Have you taken on too much work? Considering that even big businesses would hold integration consulting before taking on mergers and acquisitions, you must manage your current and future jobs as a one-man brand. Here are some approaches to consider:
Impose your organization
It’s easy to understand how a new freelancer with a blank schedule can be so flexible. Meetings and deadlines get arranged according to the client’s convenience. But if you don’t keep a level perspective, things can change while your method of operation remains anchored in a reality that doesn’t exist.
When you’re handling multiple clients, you can’t simply say yes to every request. Now is the time to get serious about your organization and impose it. Don’t just create a calendar for yourself. Share it with all your clients so that they can view how your schedule is blocked off.
Take things a step further and use collaboration tools like Trello so that you can hold other people working on the project accountable. The last thing you want is to miss your own deadlines because someone else failed to deliver what you needed promptly.
Quantify opportunity costs
The freelancer who’s just grateful to be handling projects and still enamored of their flexible lifestyle can easily overlook the value of opportunity costs. Suppose you have regular work from one client amounting to 6 hours per day, five days a week, at $25/hour. You then take on another client offering the same workload and rates.

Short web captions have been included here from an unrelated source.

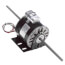 5-5/8" Double Shaft Fan/Blower Motor (230V, 1075 RPM, 1/2 HP)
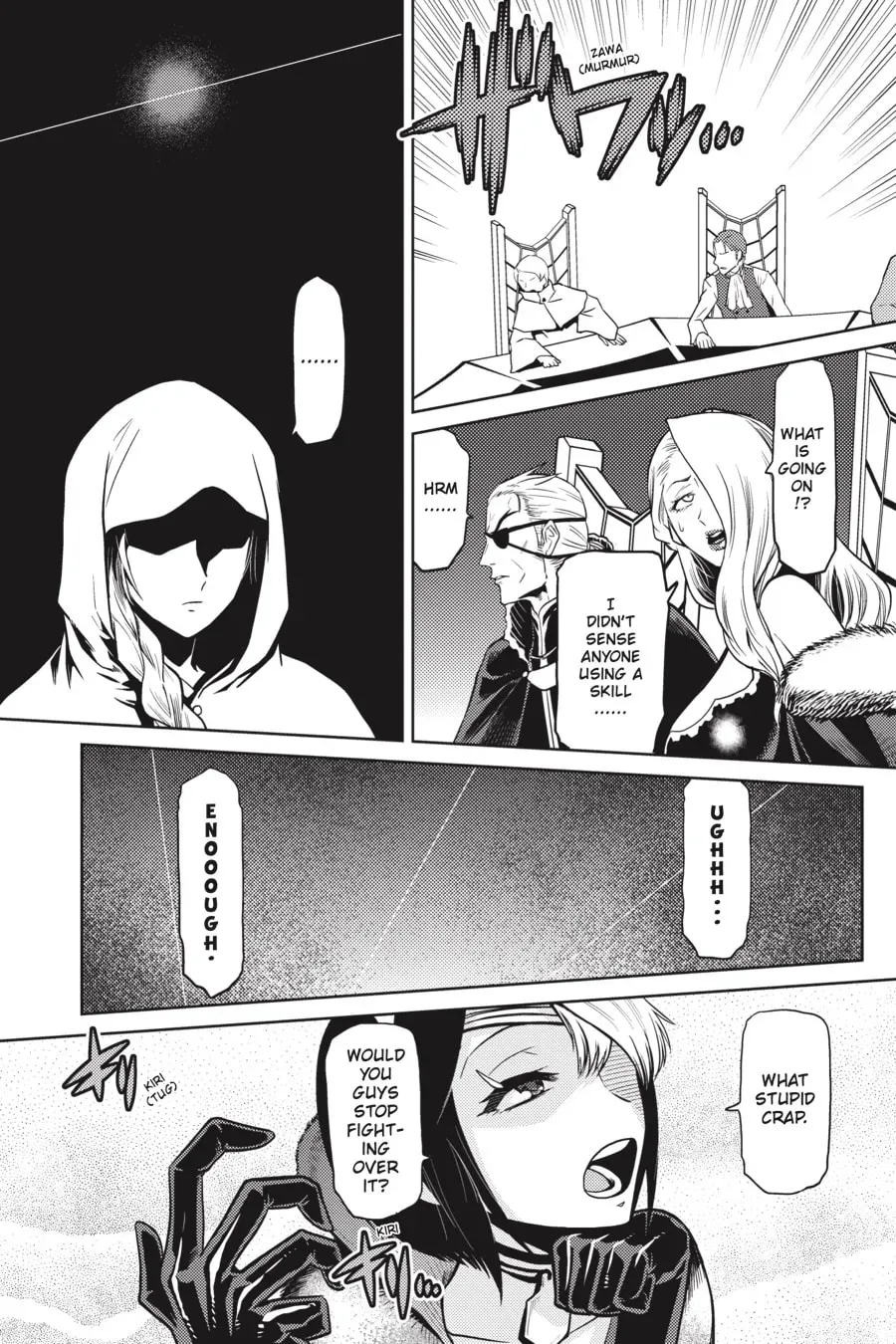 Read So I'm a Spider, So What EN Manga Online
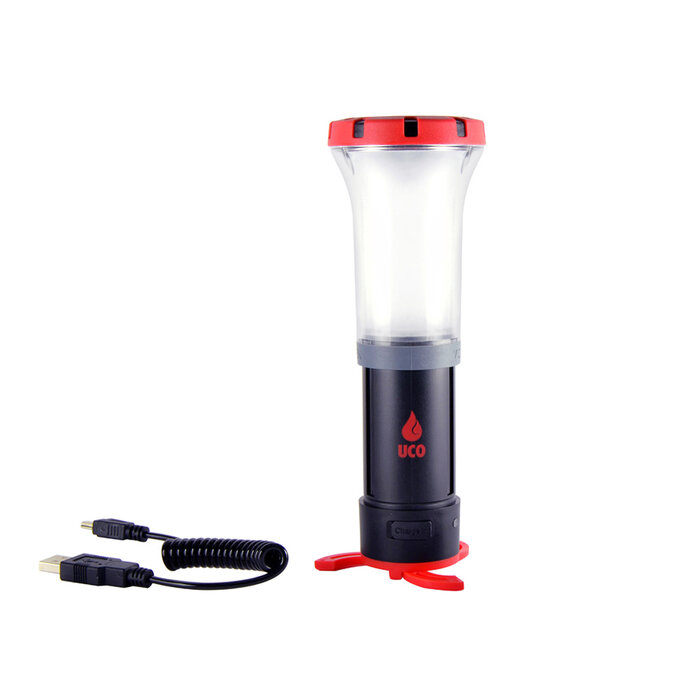 Uco Uco - ARKA - USB charger+lamp+zaklamp
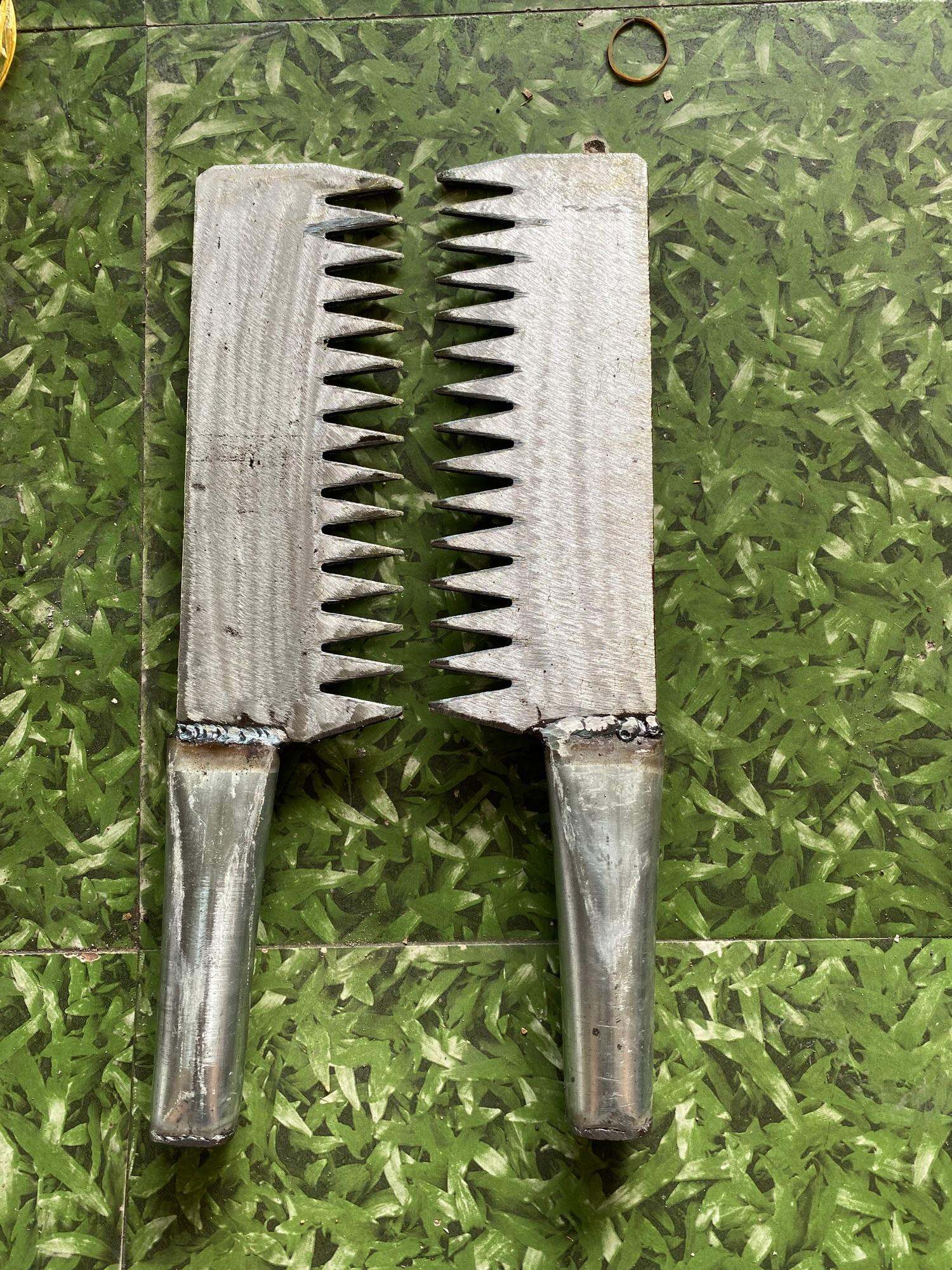 Dao chặt nước đá loại đầy dài 40cm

You might be thinking it’s an all-upside deal. Working 12 hours a day is manageable since you’re flexible, and you’ve just doubled your income. But in the process, you could lose the chance to take on more lucrative, short-term contracts. You might not have enough free time to pursue passion projects or learn new skills.
And now that you’ve committed to two regular clients, it can be difficult to free up a full day or two should you need a break. Find a system to quantify time and opportunity costs, and prioritize your best client. Increase your rates for each additional commitment. Your remaining time will become a scarce and more valuable resource.
Outsource and collaborate
If you’ve already said yes to too much work, there’s one solution you might find simple and effective right away: share the workload. Collaborating with other freelancers can be a great way to trim what’s on your plate while expanding your network and potentially receiving referrals. Just make sure that your clients are alright with this, and ensure that the work is of high quality.
Alternatively, you can resort to the standard business practice of outsourcing. Identify tasks that you don’t like and are relatively easy to handle for someone willing to work at a lower rate. Repetitive work such as scheduling or file management can be handed off to a virtual assistant and free up some of your time, allowing you to focus on more rewarding tasks.
By implementing these steps now, you can begin to streamline your freelance workload and properly uphold the value of your time.